Sé que me reconoció. Un reconocimiento que inundó su rostro y barrió cualquier rastro de temor al saber que en esta ocasión tendría que hacer frente a un ser humano. Con un chillido me lanzó su pistola sin munición y después corrió tras ella blandiendo en alto un cuchillo.
Esquivé el arma, bloqueé su ataque y le respondí con un puñetazo que le llegó hasta lo más profundo bajo las costillas. Me cogió de la muñeca y me aferré a la suya, y en esa postura mantuvimos la tensión, pecho contra pecho. Sus ojos eran como los de un perro loco bajo la luz de las estrellas, y sus músculos como cuerdas de acero tensadas.
Pisoteé con el talón su pie descalzo y le machaqué el empeine. Aulló de dolor y perdió el equilibrio; en ese momento liberé la mano que sostenía el cuchillo y le descerrajé una cuchillada en el estómago. La sangre salió a borbotones y el maldito Stark me arrastró al suelo con él. Sacudiéndome salvajemente, logré soltarme, y me puse en pie justo en el momento en que se incorporó sobre un codo y me lanzó su cuchillo. Me pasó silbando junto a la oreja, tras lo cual le propiné una patada en el pecho. Sus costillas cedieron bajo mi talón. En una vorágine asesina me arrodillé, estiré su cabeza hacia atrás y lo degollé rajándolo de oreja a oreja.
Había una bolsa de pólvora seca en su cinturón. Antes de continuar recargué las pistolas. Luego entré en la choza con una antorcha. Y allí comprendí el final que la bruja mulata tenía previsto para mí. Tope Sorley yacía gimiendo sobre una litera. La transmutación que debía convertirlo en un morador del agua, descerebrado, sin alma y semihumano aún no se había completado, pero había perdido la cabeza. Algunos de los cambios físicos ya habían tenido lugar… no sé ni quiero saber mediante qué magia blasfema procedente del negro abismo de África. Su cuerpo se había redondeado y alargado, y sus piernas menguado; los pies se habían aplanado y ensanchado, y los dedos ahora se veían más largos y palmeados. El cuello era unos centímetros más largo de lo que debiera ser. Su rostro no había cambiado, pero la expresión ya no era más humana que la de un enorme pez. Pero allí, gracias a la lealtad de Jim Braxton, se encontraba Kirby Buckner. Apoyé el cañón de la pistola contra la cabeza de Tope sintiendo una terrible compasión y apreté el gatillo.
Y así acabó la pesadilla, y no me gustaría alargar más la truculenta narración de los hechos.
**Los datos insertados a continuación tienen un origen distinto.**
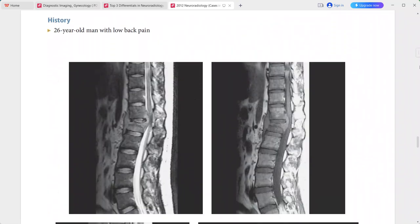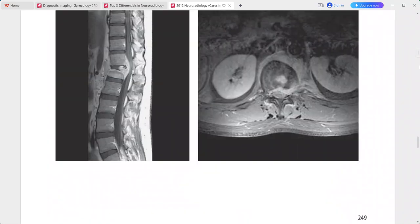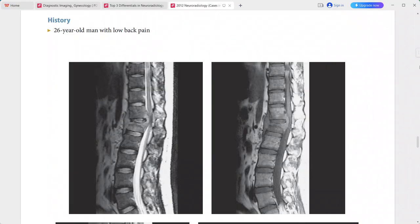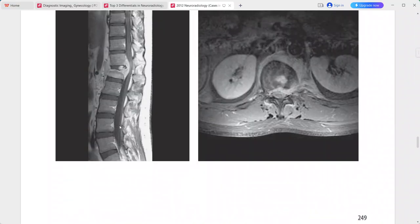Next is a 26-year-old patient presenting with low back pain. There is superior end plate compression deformity at L1, and a soft tissue mass surrounding the T12 and L1 vertebral bodies and the intervening disc space. This mass is hyperintense on T2 and enhances uniformly after contrast. The ventral epidural component is displacing the thecal sac.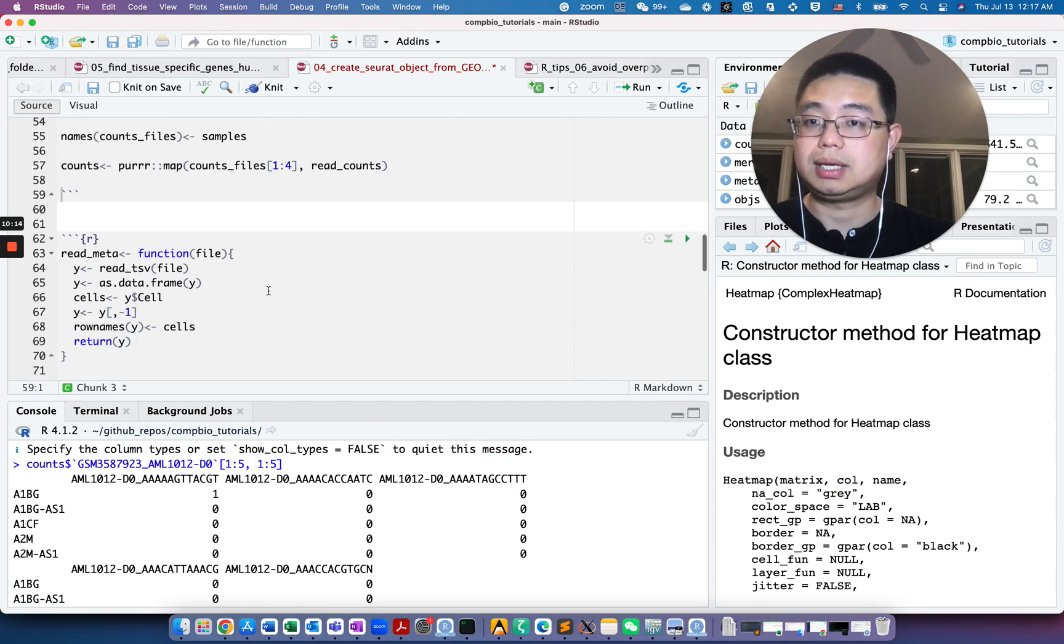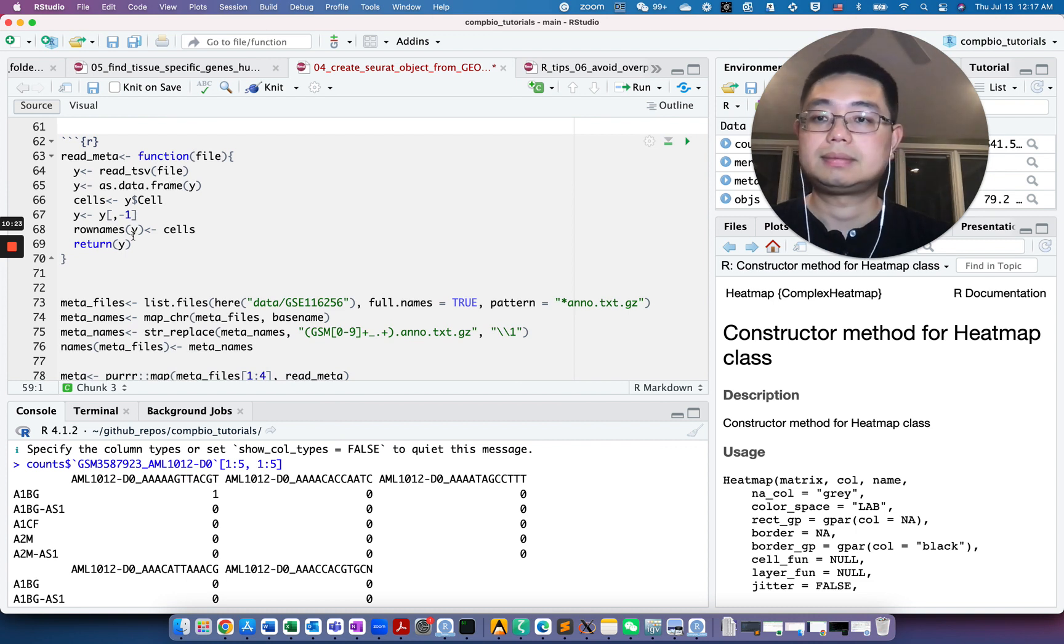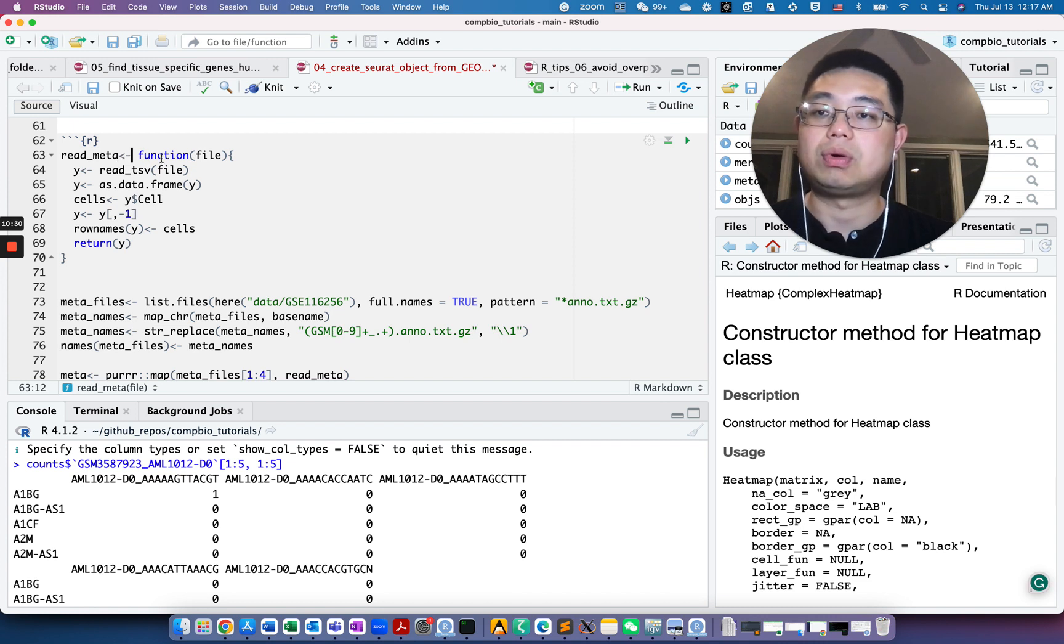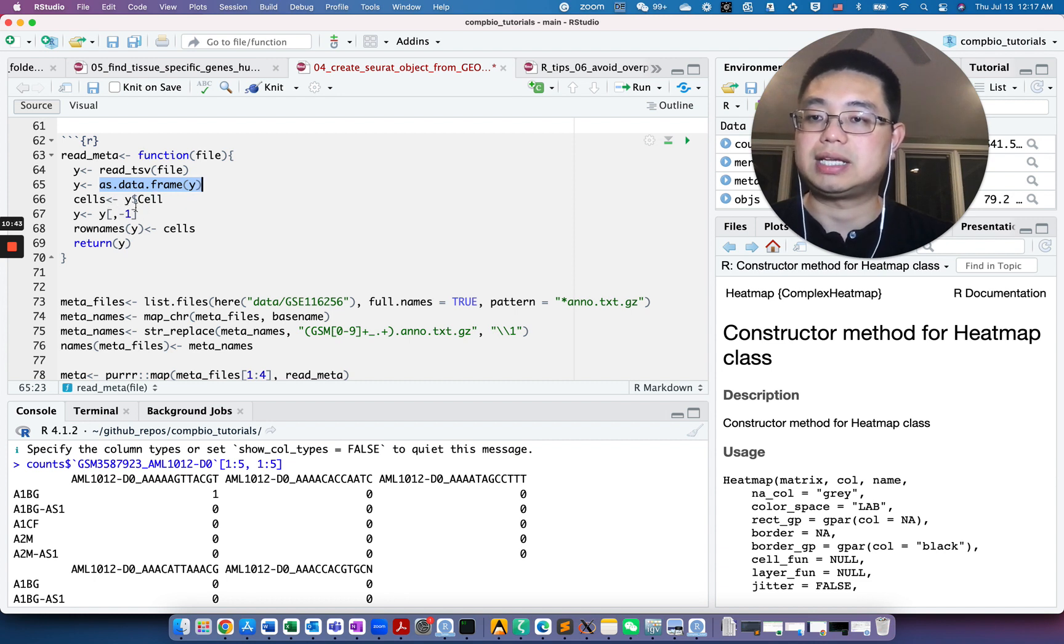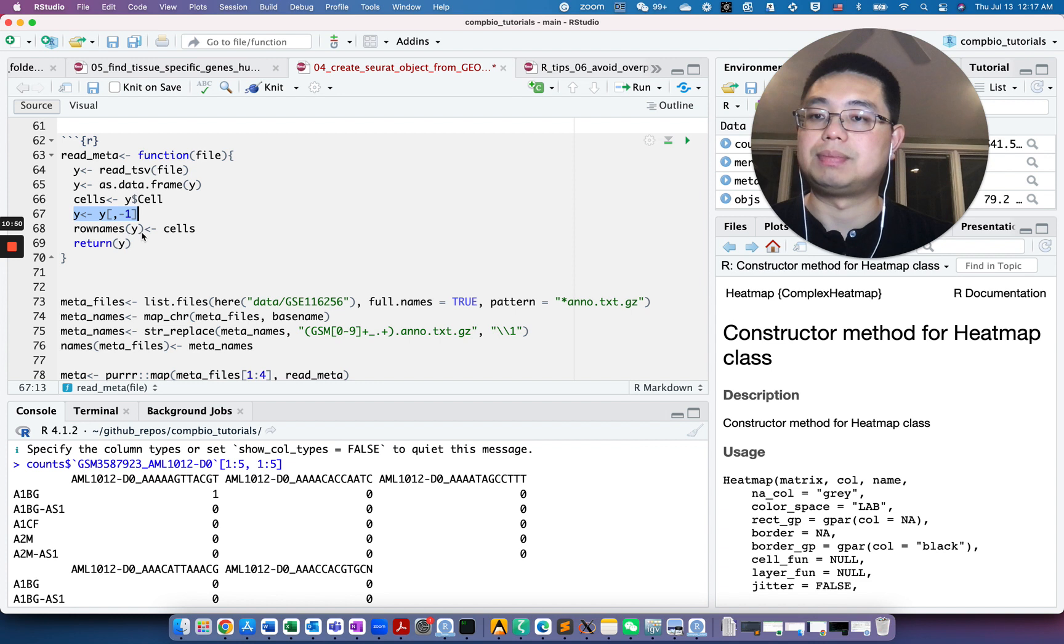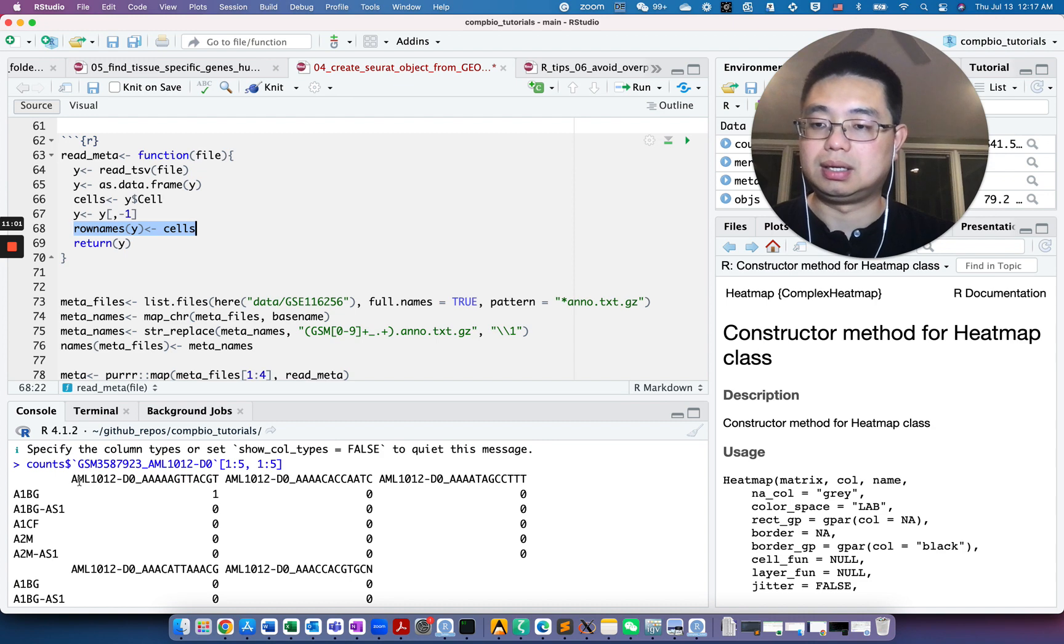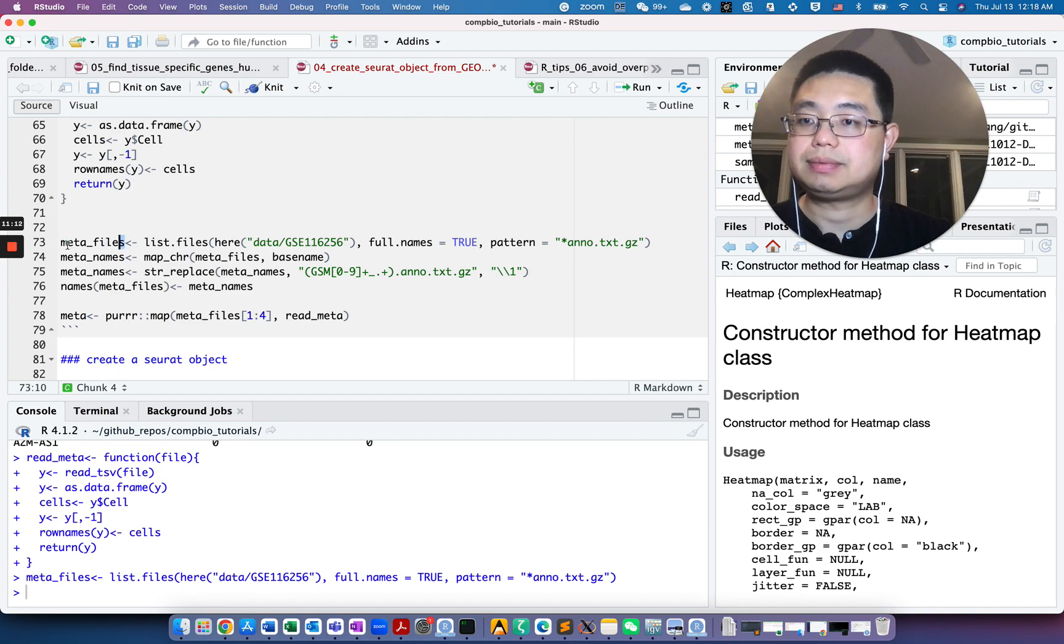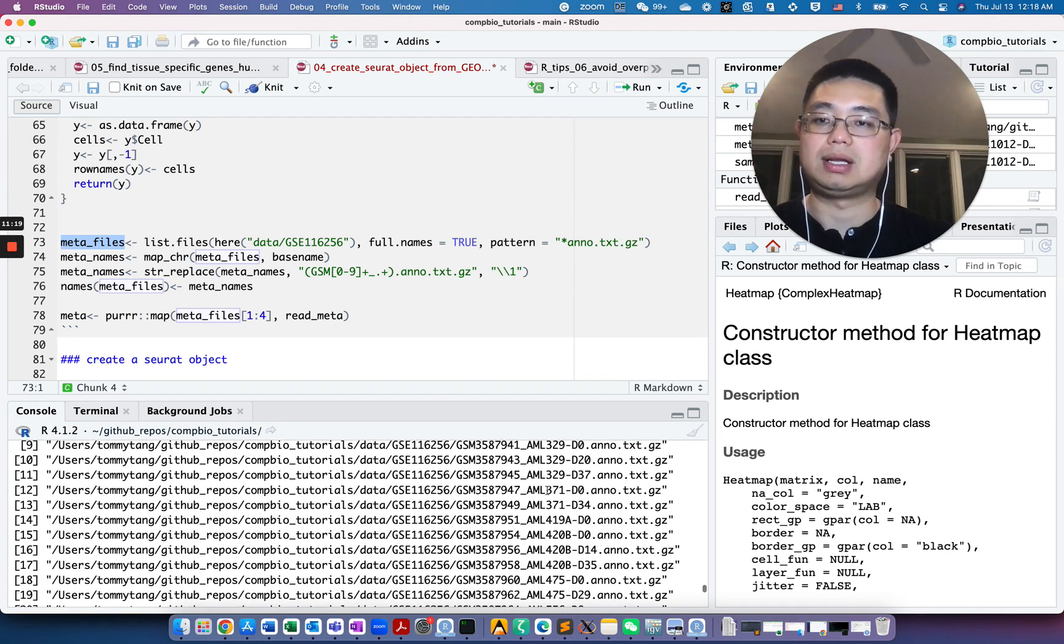Now next we need to read in the metadata file. We create a small function called read_meta, essentially reading that annotation file, turn it into data frame. We need to take out the cell name. The first column is the cell name. We remove that first column and put the cell name as the row name because Seurat uses the row names as the cell barcode to match the count matrix. Similarly, we will first list all the meta files here. So 43 again. Make sure the order of this is the same as the count matrix, but because we use list.files, usually it should be the same.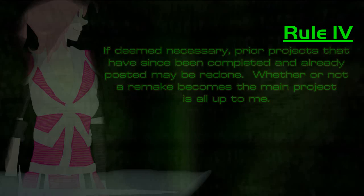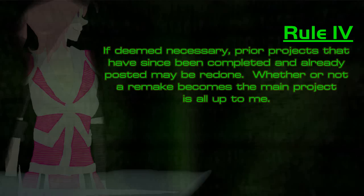Number four. If I leave it necessary, some projects or series that have been completed and are already posted may be redone, as was the case with my Ponderbee series. Depending on a few factors, remakes may or may not be main projects.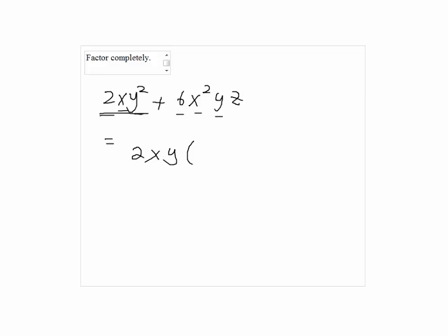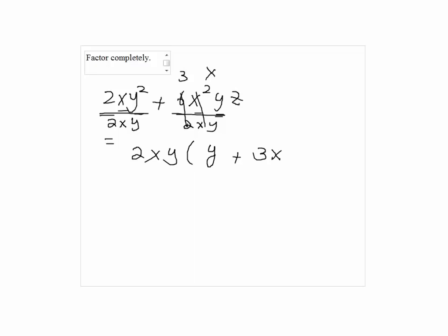So by dividing those terms by 2xy, we get y for the first term and we get 3xz for the second term.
Los blancos de Canaan nunca hallaron nada en la isla a excepción de los cuerpos de Saúl Stark y la mulata. Aún creen que un negro del pantano asesinó a Jim Braxton tras matar a la mulata, y que yo impedí la revuelta al acabar con Saúl Stark. Les dejé que así lo creyeran. Nunca conocerán las sombras que esconden las negras aguas del Tularoosa. Ese es un secreto que comparto con los asustados y aterrados negros de Goshen, del cual ni ellos ni yo hemos hablado jamás.